Прости, любезный друг! На днях еду во-свояси, то:есть, в саратовские степи. Когда увидимся? Да помолись же европейскому Богу, чтобы он призвал меня на свое лоно, на свой просвещенный континент! Я, право, здесь, как несчастный Робинсон, брошенный на острове, окруженном океаном варварства и скуки. Здесь у меня и есть Пятница, по беда в том, что здесь семь пятниц на неделе, а воскресения нет. Обнимаю тебя от всей души. Скажи мое почтение и дружбу брату. Ради Бога, перетащите меня в Ирландию!

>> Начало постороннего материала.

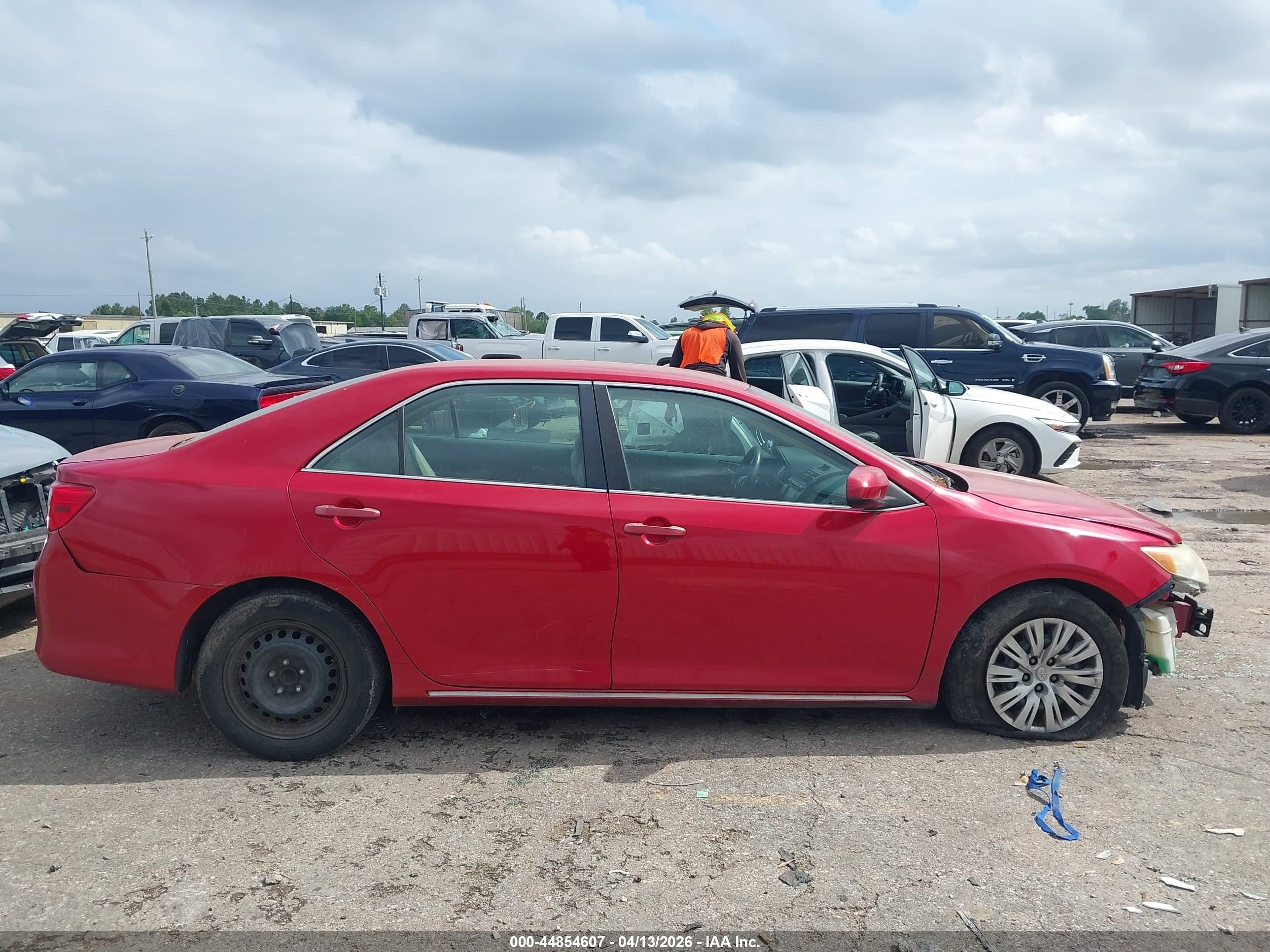 2014 Toyota Camry Le Красный vin: 4T1BF1FK9EU861212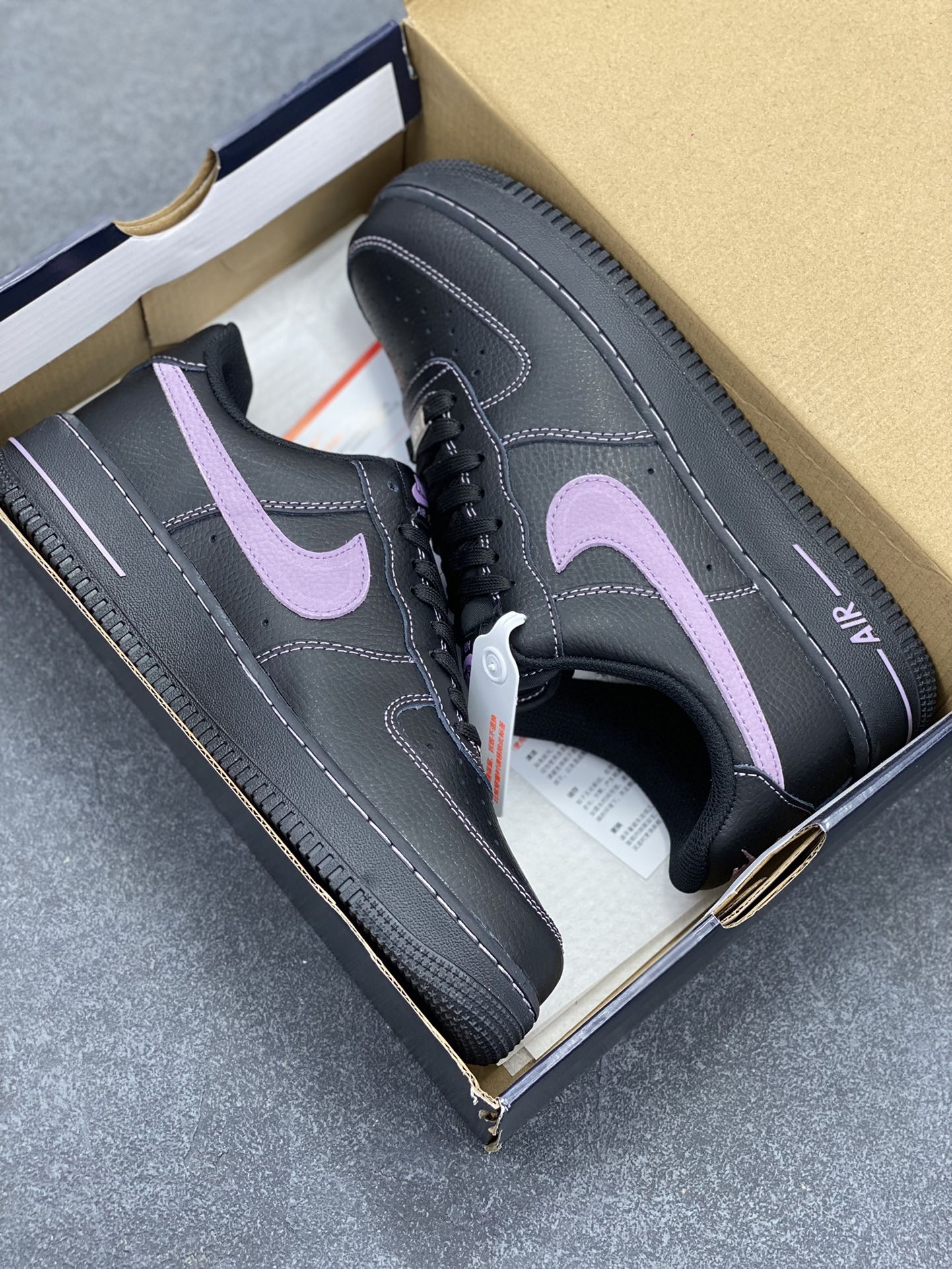 图片[9]-Nike Air Force 1 Low 黑紫 原楦头原纸板 打造纯正空军版型 专注外贸渠道 全掌内置蜂窝气垫 原盒配件 原厂中底钢印、拉帮完美 货号：HQ2037-001 尺码：36 36.5 37.5 38 38.5 39 40 40.5 41 42 42.5 43 44 44.5 45-选品中心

Я сейчас распечатал пакет Жихарева, чтобы вложить мое письмо, и узнаю, что он говорит тебе о том, что я ее хотел тебе говорить: мне не хотелось огорчить твою дружбу ко мне до времени. Дело в том, что по поводу какого-то журнала, о котором я понятия не имел, сказали государю, что я собираюсь издавать журнал под чужим именем, а он велел мне через князя Дмитрия Владимировича Голицына объявить, что запрещается мне издавать оную газету, потому что ему известна моя развратная жизнь, недостойная образованного человека, и многие фразы, подобные этой. Я прошу следствия и суда; не знаю, чем это кончится, но если не дадут мне полного и блестящего удовлетворения, то я покину Россию. Вот ключ к моим ирландским изысканиям. Я уверен, что удовлетворения мне не дадут, потому что и теперь уже слышно, что сбиваются на какое то письмо мое, которое должно било мне повредить. Эпиграмма – не преступление и не разврат. При первом случае постараюсь тебе доставить мою и обо мне официальную переписку.
1830.
717.
Тургенев князю Вяземскому.
Апрель. Париж.
Вот тебе первая лекция марсельского Вильменя – Ампера, моего приятеля, уважаемого и Нестором Германии – Гёте и, что всего лучше, обожателя милой вдовы Рекамье. Вероятно, вложу в пакет и речи Ламартина, Кювье и стихи Лебрена, в коих найдеть несколько стихов, напоминающих твои, не помню откуда. Я был на приеме Ламартина. Он кадил всем и каждому и не похвалил только Дарю, коего хвалить был обязан. Cuvier – гигант и в безделицах! Если бы сердце было на месте, то описал бы тебе его беседы субботния и буйные вечеринки поэта-литератора, коего назвать тебе не смею, но вся эта мелочная литература только мимоходом занимает меня. Я живу в других идеях и полон иным чувством. Я бы должен был уступить тебе мои здешния знакомства и отношения к некоторым; ты бы лучше выжал из них сок, который не питает, не оживляет твоего Тургенева; увы, «где прежний я»? Где прежний Гримм? Обними Карамзиных. Встретимся ли в Европе? Даже и о них мало думаю, хотя и нередко.